▼▼▼

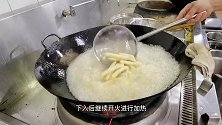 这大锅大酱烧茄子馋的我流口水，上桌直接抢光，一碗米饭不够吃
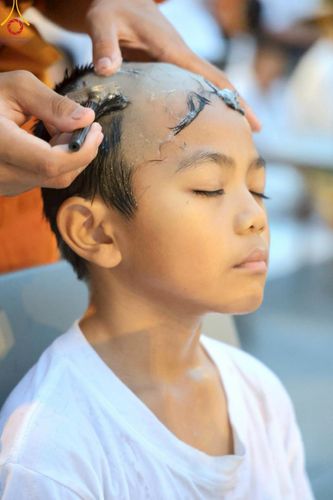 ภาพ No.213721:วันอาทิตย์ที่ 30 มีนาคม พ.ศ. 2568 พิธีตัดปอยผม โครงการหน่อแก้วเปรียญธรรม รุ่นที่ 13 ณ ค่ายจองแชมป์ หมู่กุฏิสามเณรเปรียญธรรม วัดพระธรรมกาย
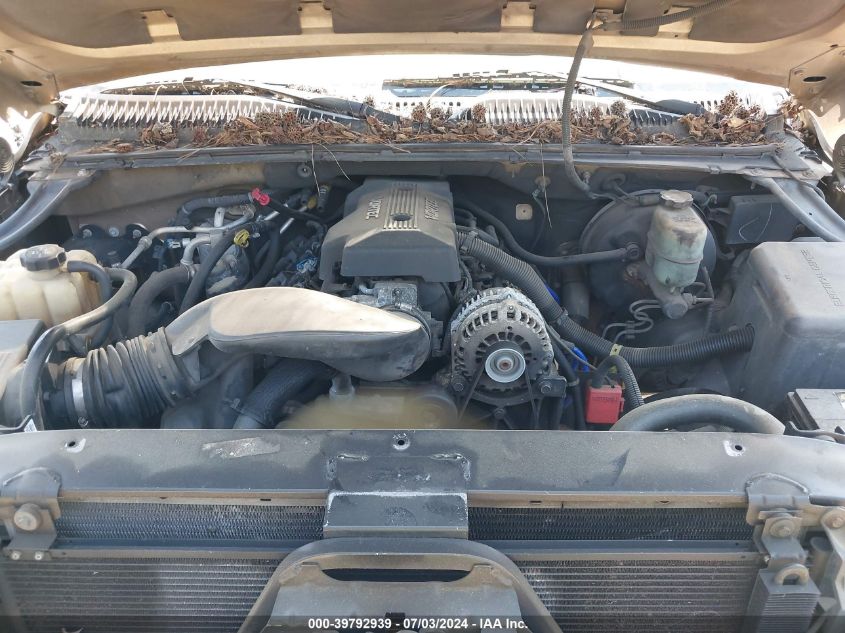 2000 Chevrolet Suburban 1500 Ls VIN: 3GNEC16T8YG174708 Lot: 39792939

▲▲▲

Reproduce the whole listing above word for word, dropping each image.

Response to this exercise:
 这大锅大酱烧茄子馋的我流口水，上桌直接抢光，一碗米饭不够吃
 ภาพ No.213721:วันอาทิตย์ที่ 30 มีนาคม พ.ศ. 2568 พิธีตัดปอยผม โครงการหน่อแก้วเปรียญธรรม รุ่นที่ 13 ณ ค่ายจองแชมป์ หมู่กุฏิสามเณรเปรียญธรรม วัดพระธรรมกาย
 2000 Chevrolet Suburban 1500 Ls VIN: 3GNEC16T8YG174708 Lot: 39792939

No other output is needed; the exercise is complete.